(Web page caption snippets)
--

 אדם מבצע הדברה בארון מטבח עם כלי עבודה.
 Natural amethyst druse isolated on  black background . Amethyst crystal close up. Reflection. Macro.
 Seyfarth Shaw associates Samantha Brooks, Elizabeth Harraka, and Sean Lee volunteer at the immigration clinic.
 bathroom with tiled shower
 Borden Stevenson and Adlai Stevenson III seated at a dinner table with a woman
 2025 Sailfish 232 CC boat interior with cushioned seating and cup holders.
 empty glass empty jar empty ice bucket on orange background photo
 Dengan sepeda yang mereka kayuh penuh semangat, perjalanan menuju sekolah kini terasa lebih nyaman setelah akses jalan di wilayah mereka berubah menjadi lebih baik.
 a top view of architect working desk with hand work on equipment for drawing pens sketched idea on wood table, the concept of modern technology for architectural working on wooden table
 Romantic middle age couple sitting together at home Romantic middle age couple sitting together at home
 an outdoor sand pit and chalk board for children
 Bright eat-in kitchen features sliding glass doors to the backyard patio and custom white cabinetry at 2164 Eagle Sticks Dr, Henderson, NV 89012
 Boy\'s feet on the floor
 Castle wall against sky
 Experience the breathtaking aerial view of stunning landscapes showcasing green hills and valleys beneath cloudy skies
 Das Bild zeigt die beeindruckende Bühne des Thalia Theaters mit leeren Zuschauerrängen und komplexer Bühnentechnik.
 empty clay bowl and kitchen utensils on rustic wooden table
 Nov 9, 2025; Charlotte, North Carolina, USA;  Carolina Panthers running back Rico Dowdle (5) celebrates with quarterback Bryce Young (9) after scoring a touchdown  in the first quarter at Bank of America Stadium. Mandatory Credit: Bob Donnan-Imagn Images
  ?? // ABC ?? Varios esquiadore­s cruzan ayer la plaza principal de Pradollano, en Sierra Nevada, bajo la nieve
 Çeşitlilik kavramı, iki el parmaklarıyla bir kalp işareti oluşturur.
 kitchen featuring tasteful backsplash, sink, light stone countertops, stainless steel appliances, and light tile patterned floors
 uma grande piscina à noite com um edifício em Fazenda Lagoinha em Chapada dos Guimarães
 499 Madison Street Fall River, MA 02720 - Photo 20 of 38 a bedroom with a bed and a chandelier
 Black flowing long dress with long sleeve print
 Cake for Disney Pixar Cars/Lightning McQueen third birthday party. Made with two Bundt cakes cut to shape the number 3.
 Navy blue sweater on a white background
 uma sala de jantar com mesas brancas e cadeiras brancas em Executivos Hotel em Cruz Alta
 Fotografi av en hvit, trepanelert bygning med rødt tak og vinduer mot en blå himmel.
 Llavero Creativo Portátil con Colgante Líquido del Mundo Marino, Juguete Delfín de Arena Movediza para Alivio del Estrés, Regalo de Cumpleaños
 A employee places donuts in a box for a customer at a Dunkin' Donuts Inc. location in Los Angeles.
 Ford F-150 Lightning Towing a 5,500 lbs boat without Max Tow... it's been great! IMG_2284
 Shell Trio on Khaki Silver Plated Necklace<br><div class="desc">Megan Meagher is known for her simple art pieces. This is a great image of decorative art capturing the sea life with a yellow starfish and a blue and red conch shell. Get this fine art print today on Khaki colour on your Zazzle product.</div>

--

▸ **Exercise instructions**: Within the data above, the lines from the one with "Seyfarth Shaw associates" to the one with "Experience the breathtaking" must be repeated exactly; no other line belongs in the answer.

▸ **Solution for this problem**:
 Seyfarth Shaw associates Samantha Brooks, Elizabeth Harraka, and Sean Lee volunteer at the immigration clinic.
 bathroom with tiled shower
 Borden Stevenson and Adlai Stevenson III seated at a dinner table with a woman
 2025 Sailfish 232 CC boat interior with cushioned seating and cup holders.
 empty glass empty jar empty ice bucket on orange background photo
 Dengan sepeda yang mereka kayuh penuh semangat, perjalanan menuju sekolah kini terasa lebih nyaman setelah akses jalan di wilayah mereka berubah menjadi lebih baik.
 a top view of architect working desk with hand work on equipment for drawing pens sketched idea on wood table, the concept of modern technology for architectural working on wooden table
 Romantic middle age couple sitting together at home Romantic middle age couple sitting together at home
 an outdoor sand pit and chalk board for children
 Bright eat-in kitchen features sliding glass doors to the backyard patio and custom white cabinetry at 2164 Eagle Sticks Dr, Henderson, NV 89012
 Boy\'s feet on the floor
 Castle wall against sky
 Experience the breathtaking aerial view of stunning landscapes showcasing green hills and valleys beneath cloudy skies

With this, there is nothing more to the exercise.